Whisper Words of Wisdom: Let It Be at 50
On the day that marks the golden anniversary of their official breakup, the Rock & Roll Globe looks back on the Fabs’ difficult swan song

1969 should’ve been the Beatles’ swan song; after the tumult of the Get Back sessions in January, the group came together in the end to record one of their best albums.
Abbey Road was the perfect goodbye from the Fab Four to their fans, with a great medley to send off arguably the most important group of the Sixties. It was almost perfect.
But of course, perfection isn’t easy to achieve in the real world, and the Beatles didn’t end on a perfect note. They couldn’t, with the egos involved. And honestly, if they’d ended before the tapes from those January 1969 sessions were handed over to Phil Spector, we wouldn’t have an album like Let It Be, which turned 50 in March.
The composition of the album is a long and winding road; Paul McCartney wanted the Beatles to “get back” to their live performing roots, so he booked a film studio for early-morning sessions devoted to working through old favorites and new material. Of course, this went over about as well with the other three Beatles as a lead zeppelin, so the tapes captured more rancor than harmony. Still, there was something there, because John Lennon later brought these tapes to the attention of Spector, long a notorious producer and some decades removed from his notoriety as a convicted murderer. To say that he “murdered” the Beatles’ album would be the height of hyperbole, but it’s fair to suggest that he wasn’t the ideal match for the recordings, with his patented “Wall of Sound” drowning every last earnest note of music in a sea of bombast.
But in spite of its troubled past and troubling present, the album emerged in April 1970 as a more or less fitting swan song to the decade that preceded it. Everyone likes to think of the Sixties as a great, bathetic period when everyone loved one another and got along. But the Sixties were also marked by discord, anger, and violence. The group whose songs were the soundtrack of that era couldn’t help being influenced by that, and like many troubled marriages of the ensuing decade, their partnership was headed towards an acrimonious divorce. That tension is reflected in the album, the end of a fruitful collaboration leaving four young men looking ahead into an uncertain future.

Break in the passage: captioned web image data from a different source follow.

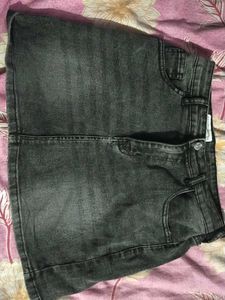 Grey Denim Mini Skirt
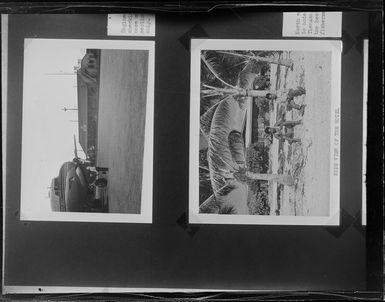 Pan American World Airways series, one photograph of the airport and one photograph of two unidentified men on a beach, Canton Island, Republic of Kiribati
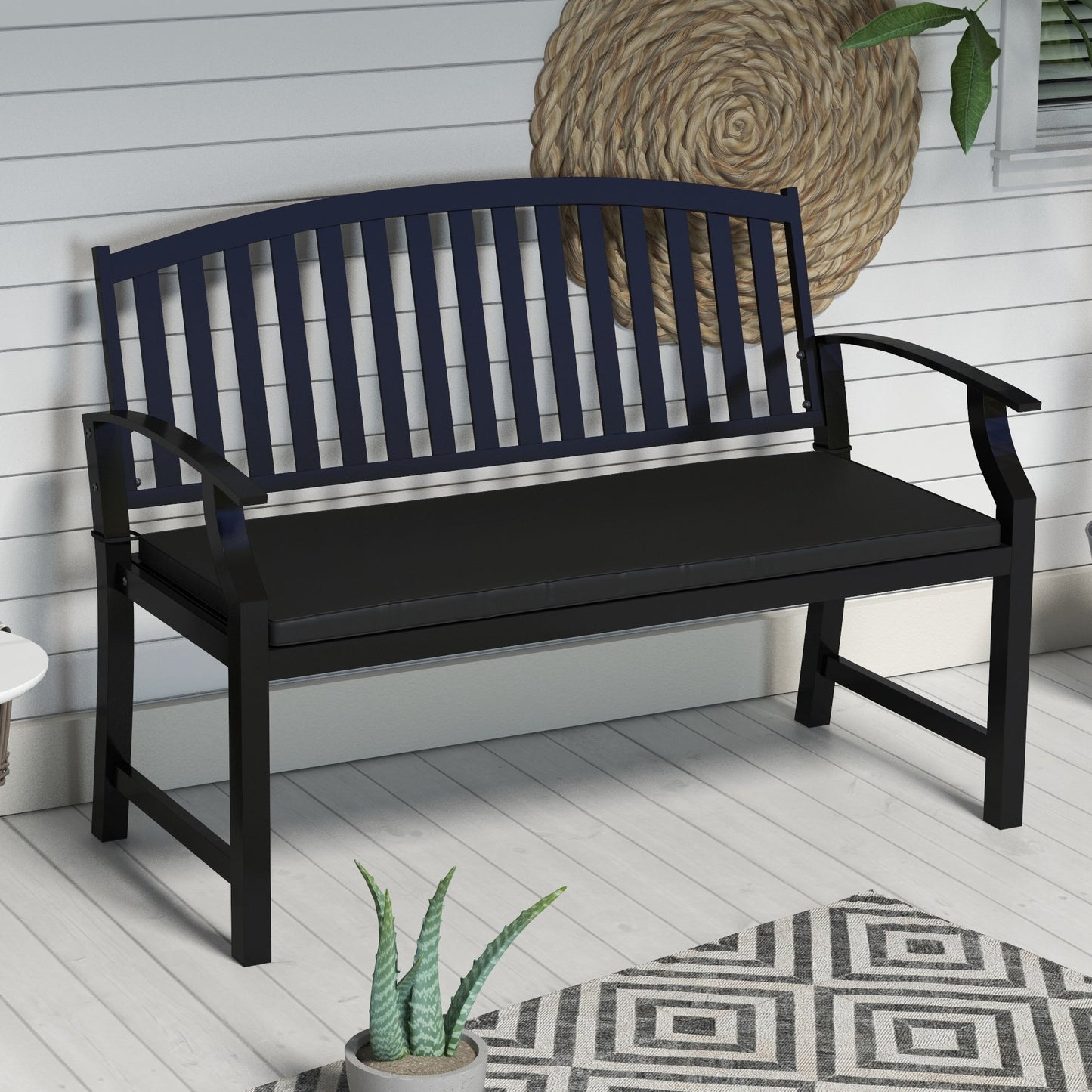 2-Seater Patio Bench Cushion Outdoor Seat Swing Replacement Pad with Zipper Cover, Ties for Patio, Garden, Black at Gallery Canada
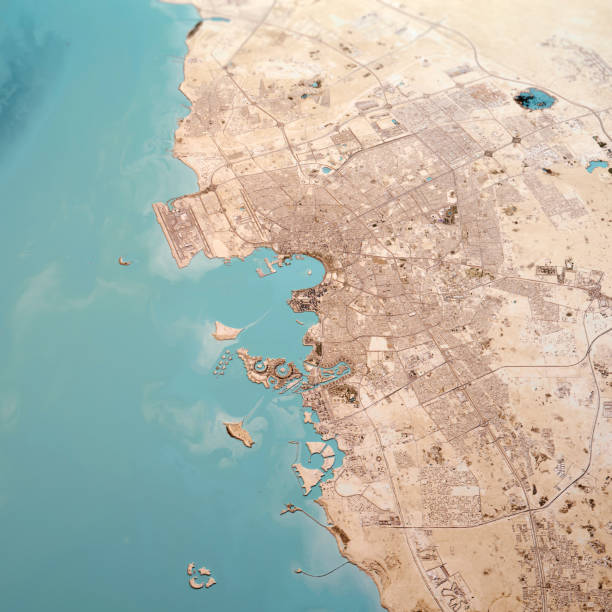 istock Doha Qatar 3D Render Topo Landscape View From North Feb 2019 1181386197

To suggest that Let It Be is a classic Beatles album would be wrong, I think; it lacks the consistency of a masterpiece like Revolver or Rubber Soul, but if it has an antecedent in The White Album, it is a bit too streamlined compared to the everything-but-the-kitchen-sink quality of the Beatles’ most expansive album. There are cuts that should’ve been left on the cutting-room floor, even by Spector: “Maggie Mae” is a charming ditty but doesn’t really have any place on an official release, and I have never dug “Dig It.” When I was younger, “Get Back” was great even if I didn’t understand the lyrics; nowadays the best thing about it is that it inspired the Rutles’ “Get Up and Go.”
But there are obvious great tunes here; the title track masterfully captures the mood of Paul’s motherless existence and his spiritual longing for assurance. “I’ve Got a Feeling” rocks about as hard as anything from the late-sixties period, and “For You Blue” is a whimsical George Harrison number that I like in spite of the dismissal it gets from a lot of Beatles scholars. There’s no Ringo song on here, but his presence is still there in the great drumming. “Two of Us,” despite Paul’s protests that it was about his wife Linda, is too steeped in inside jokes and information to be about anyone but Paul and John, the most successful bromance in pop culture.
VIDEO: The Beatles perform “Let It Be” and “The Long and Winding Road” in the film Let It Be
Probably the best song on the album, “The Long and Winding Road” also suffers the worst at the hands of Spector: the gloopy strings and heavenly choir predate the schmaltz-meister Barry Manilow’s style by a few years, but damn if this wasn’t the blueprint to “Mandy” and “I Write The Songs.” The basic song itself ranks among McCartney’s best, but it would be better if Spector had never come near this one. I was reminded of the song’s beauty when I heard the version of it in the movie “Yesterday.” Of all the (musical) crimes Phil Spector committed, his treatment of this song is among the worst.
So no, Let It Be the album is not a classic Beatles album, but even a second-, third-, or fourth-rate Beatles album is better than a lot of the stuff that came out at the same time. By coming out when it did, it even trumps Abbey Road as the last Beatles album. In a way, it’s a far more fitting send-off from a group that parted ways not because of women or money, but because they just lost their purpose as a four-piece. During a decade where the rest of the world was clamoring for a reunion, the four gentlemen involved decided to let it be. And that has made all the difference.